_TASK TO CARRY OUT_
The data below holds a line containing "Серый Ниссан Жук, объемом" and a line containing "Ônibus sai da"; please quote exactly those two lines and every line between them, and nothing else.

_EXTRACTED DATA_

[Start of section]

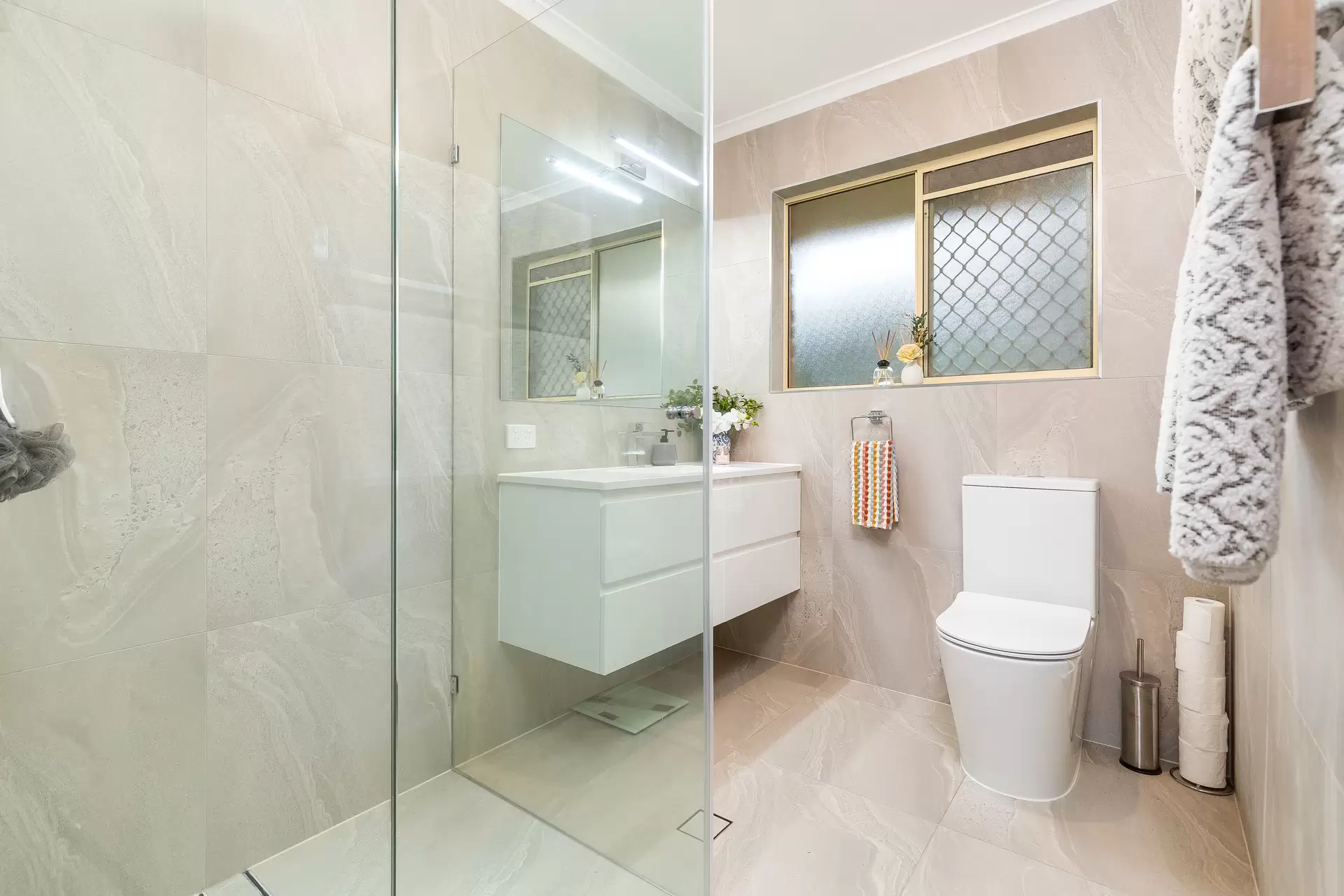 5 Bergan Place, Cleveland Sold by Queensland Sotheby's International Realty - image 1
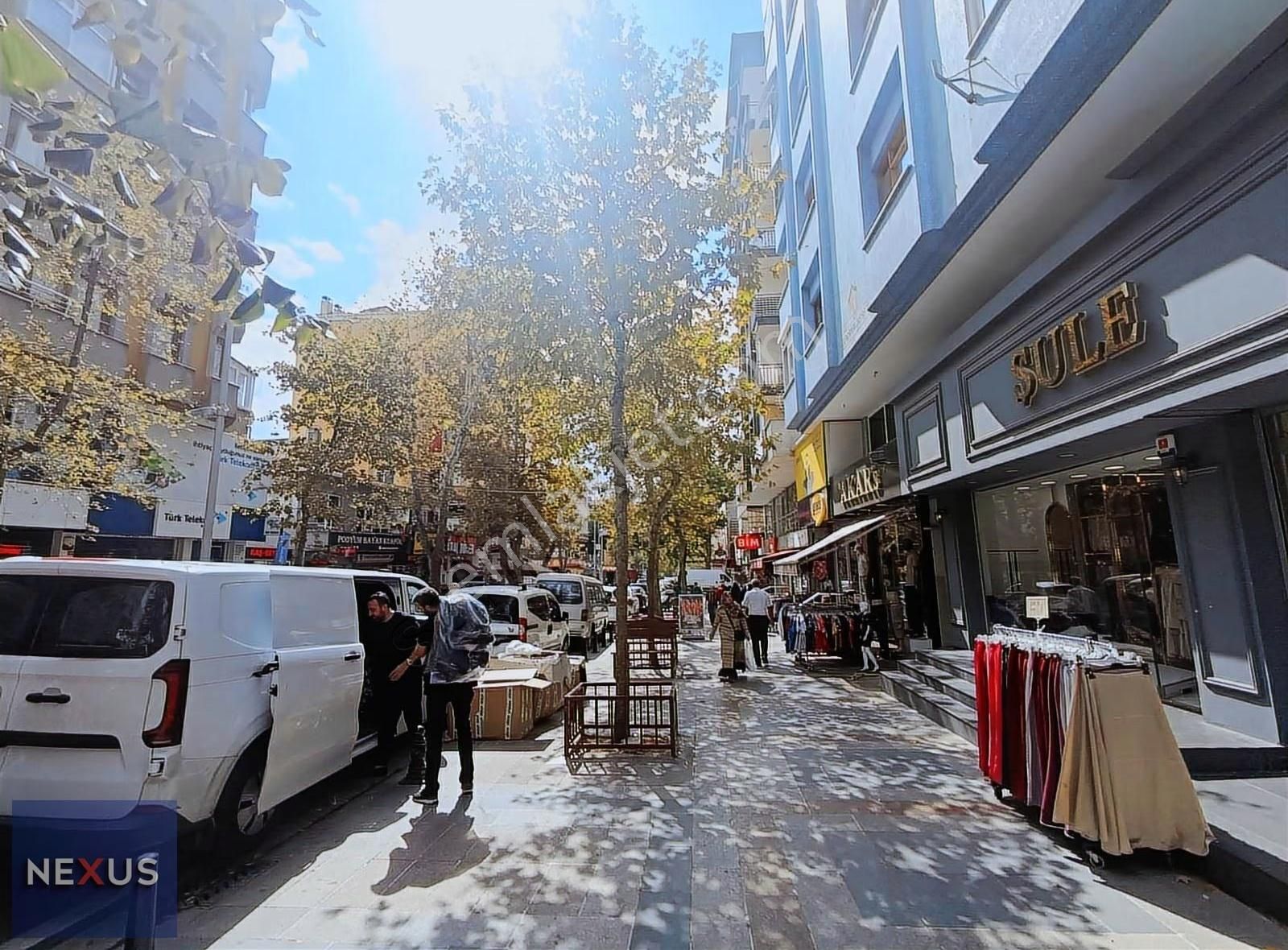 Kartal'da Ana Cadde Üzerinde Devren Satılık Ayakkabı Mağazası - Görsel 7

[End of section]
[Start of section]

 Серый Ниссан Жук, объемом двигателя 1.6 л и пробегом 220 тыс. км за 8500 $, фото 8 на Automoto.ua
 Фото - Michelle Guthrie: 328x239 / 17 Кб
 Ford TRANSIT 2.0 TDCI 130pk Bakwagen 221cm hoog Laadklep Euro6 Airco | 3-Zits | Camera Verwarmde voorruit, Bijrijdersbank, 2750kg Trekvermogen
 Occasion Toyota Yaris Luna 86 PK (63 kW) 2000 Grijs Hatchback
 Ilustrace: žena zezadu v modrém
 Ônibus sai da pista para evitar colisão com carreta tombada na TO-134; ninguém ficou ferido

[End of section]

_RESPONSE AREA_
 Серый Ниссан Жук, объемом двигателя 1.6 л и пробегом 220 тыс. км за 8500 $, фото 8 на Automoto.ua
 Фото - Michelle Guthrie: 328x239 / 17 Кб
 Ford TRANSIT 2.0 TDCI 130pk Bakwagen 221cm hoog Laadklep Euro6 Airco | 3-Zits | Camera Verwarmde voorruit, Bijrijdersbank, 2750kg Trekvermogen
 Occasion Toyota Yaris Luna 86 PK (63 kW) 2000 Grijs Hatchback
 Ilustrace: žena zezadu v modrém
 Ônibus sai da pista para evitar colisão com carreta tombada na TO-134; ninguém ficou ferido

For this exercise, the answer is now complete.